(Web page caption snippets)
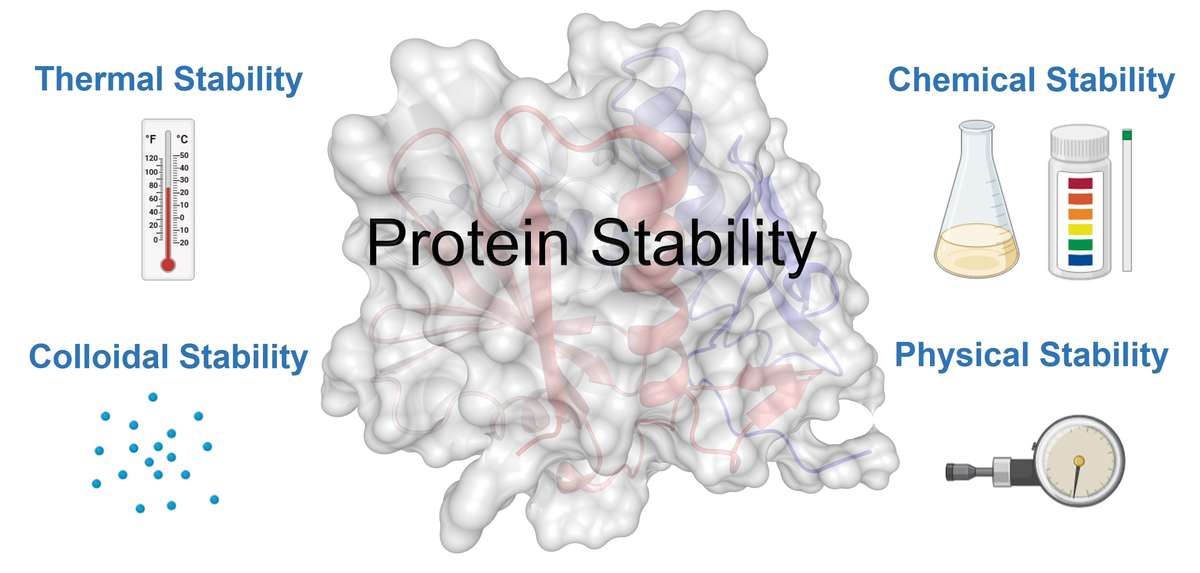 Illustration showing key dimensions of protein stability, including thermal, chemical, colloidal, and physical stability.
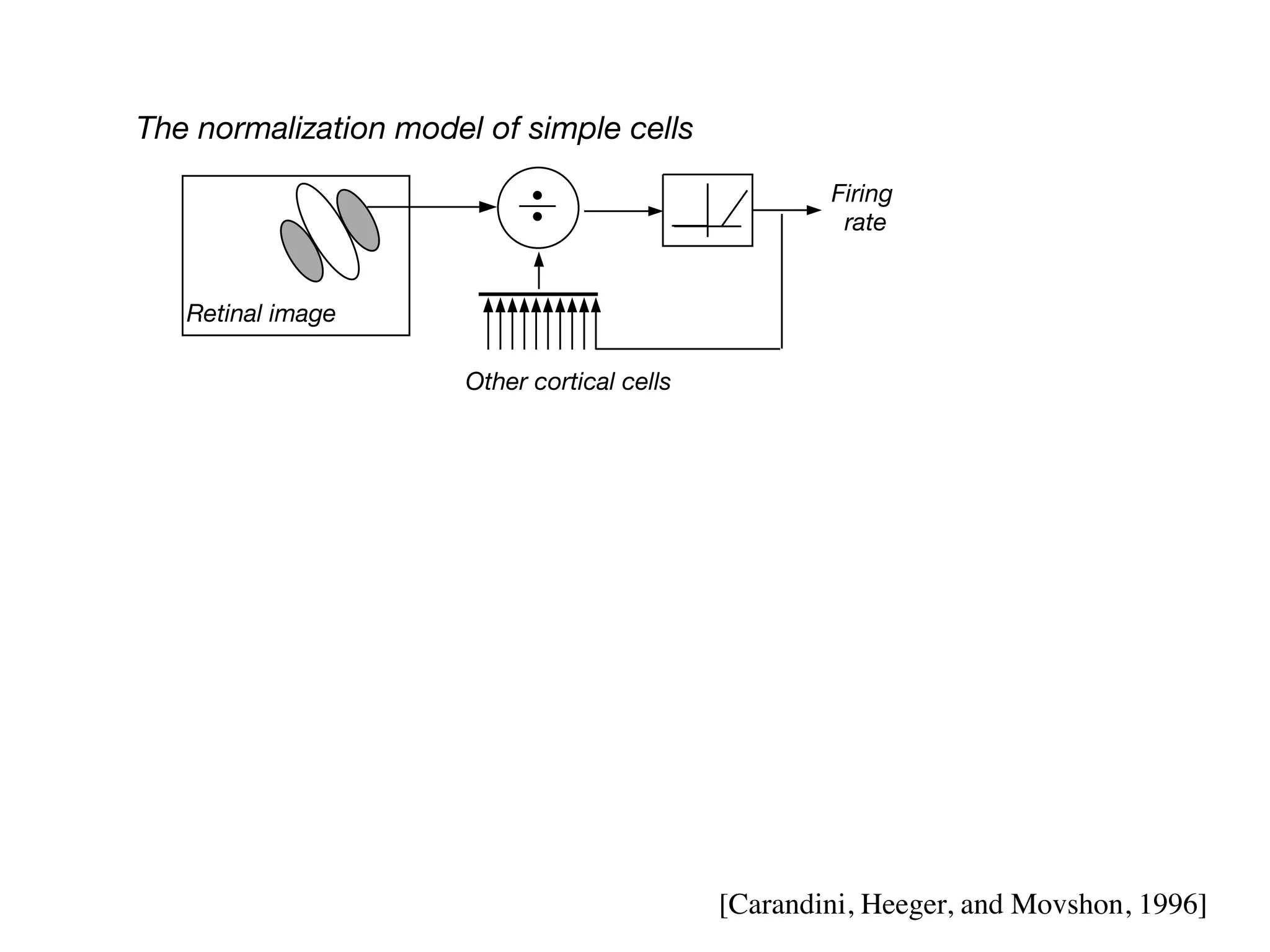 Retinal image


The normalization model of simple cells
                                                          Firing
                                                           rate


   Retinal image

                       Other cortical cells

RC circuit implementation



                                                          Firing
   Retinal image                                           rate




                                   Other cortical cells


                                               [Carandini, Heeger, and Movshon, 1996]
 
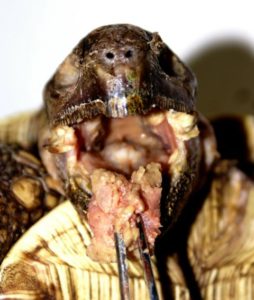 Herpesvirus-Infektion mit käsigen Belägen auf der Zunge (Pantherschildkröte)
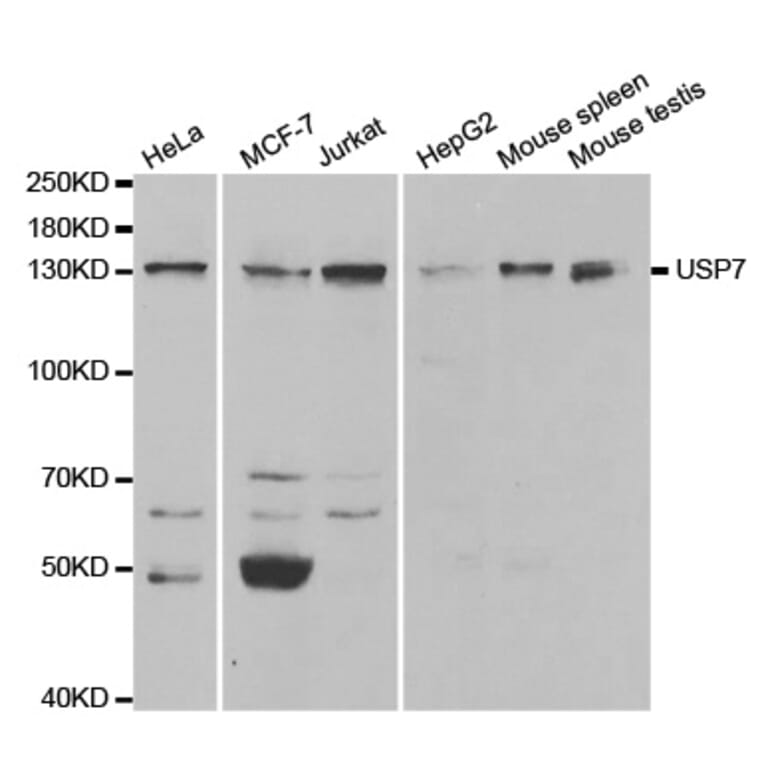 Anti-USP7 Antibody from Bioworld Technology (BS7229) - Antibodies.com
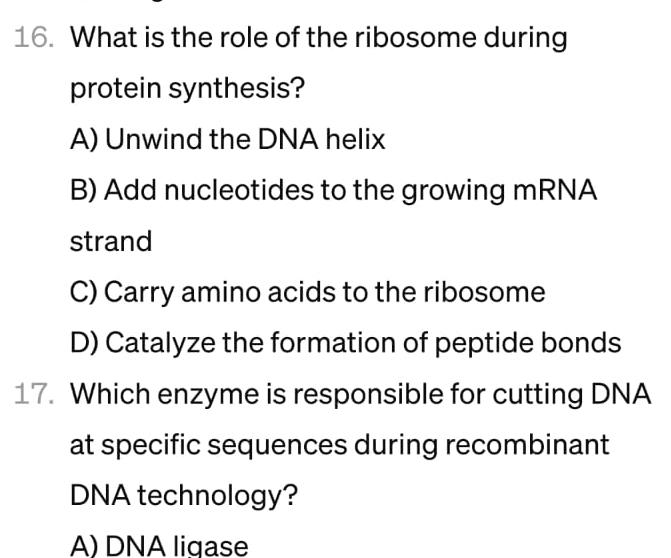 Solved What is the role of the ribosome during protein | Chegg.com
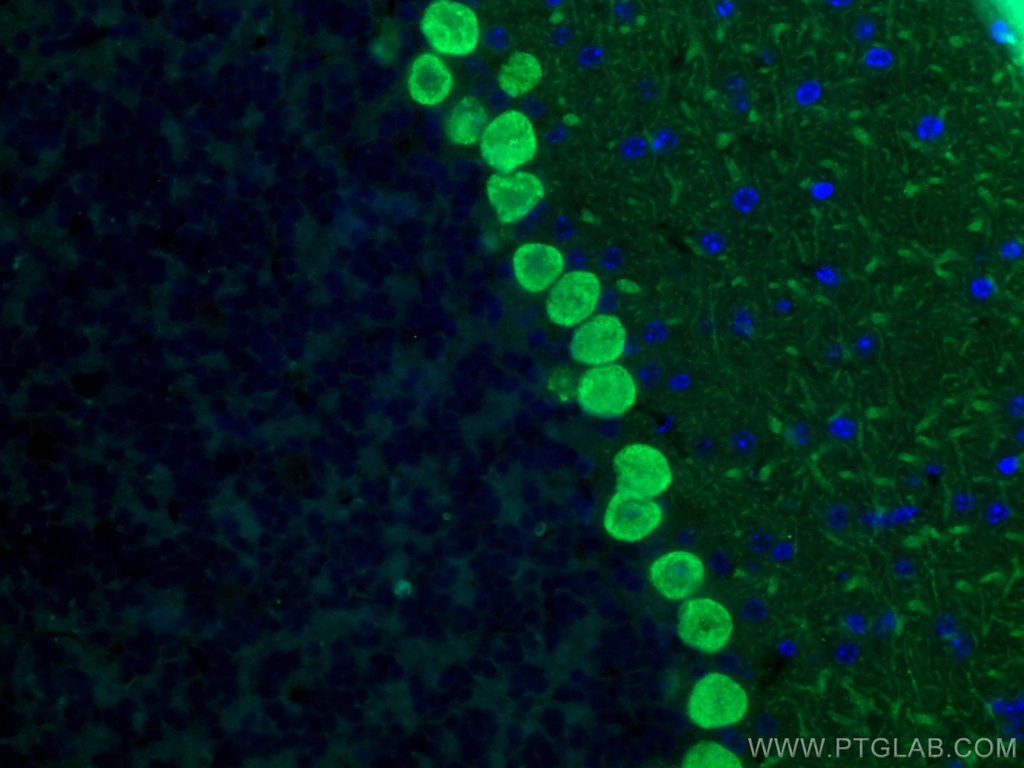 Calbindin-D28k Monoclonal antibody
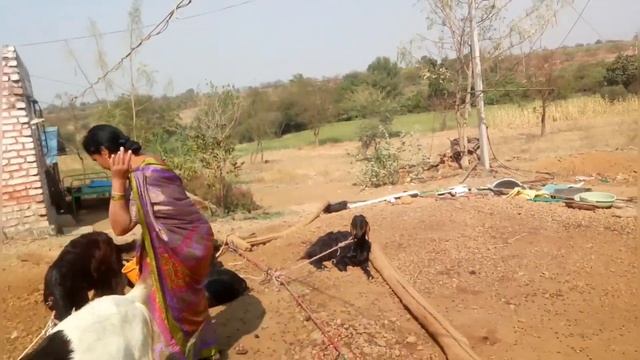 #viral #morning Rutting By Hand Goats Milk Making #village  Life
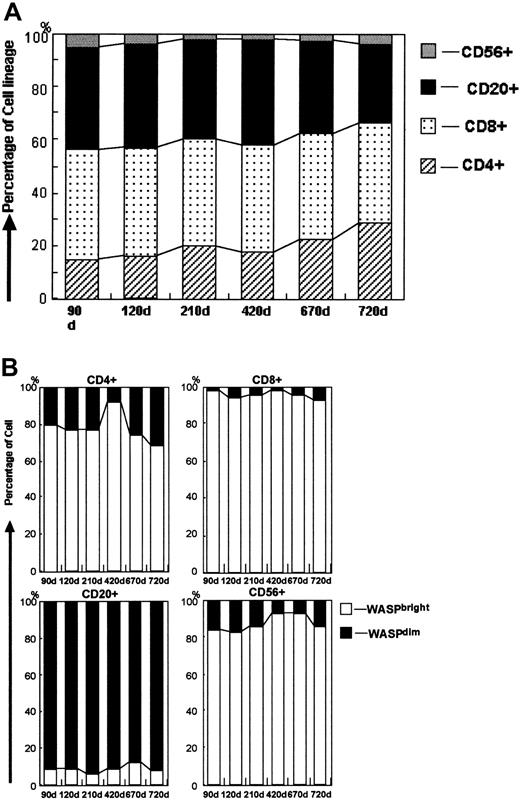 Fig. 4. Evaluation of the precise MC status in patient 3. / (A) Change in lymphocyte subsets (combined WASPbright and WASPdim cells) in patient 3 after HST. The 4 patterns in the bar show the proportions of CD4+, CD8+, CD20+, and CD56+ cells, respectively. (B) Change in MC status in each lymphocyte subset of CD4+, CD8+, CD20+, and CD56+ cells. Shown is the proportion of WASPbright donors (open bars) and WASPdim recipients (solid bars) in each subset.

**INSTRUCTIONS TO FOLLOW:**
Your answer must be an exact transcription of every entry, minus the pictures.

**TASK RESULT:**
 Illustration showing key dimensions of protein stability, including thermal, chemical, colloidal, and physical stability.
 Retinal image


The normalization model of simple cells
                                                          Firing
                                                           rate


   Retinal image

                       Other cortical cells

RC circuit implementation



                                                          Firing
   Retinal image                                           rate




                                   Other cortical cells


                                               [Carandini, Heeger, and Movshon, 1996]
 
 Herpesvirus-Infektion mit käsigen Belägen auf der Zunge (Pantherschildkröte)
 Anti-USP7 Antibody from Bioworld Technology (BS7229) - Antibodies.com
 Solved What is the role of the ribosome during protein | Chegg.com
 Calbindin-D28k Monoclonal antibody
 #viral #morning Rutting By Hand Goats Milk Making #village  Life
 Fig. 4. Evaluation of the precise MC status in patient 3. / (A) Change in lymphocyte subsets (combined WASPbright and WASPdim cells) in patient 3 after HST. The 4 patterns in the bar show the proportions of CD4+, CD8+, CD20+, and CD56+ cells, respectively. (B) Change in MC status in each lymphocyte subset of CD4+, CD8+, CD20+, and CD56+ cells. Shown is the proportion of WASPbright donors (open bars) and WASPdim recipients (solid bars) in each subset.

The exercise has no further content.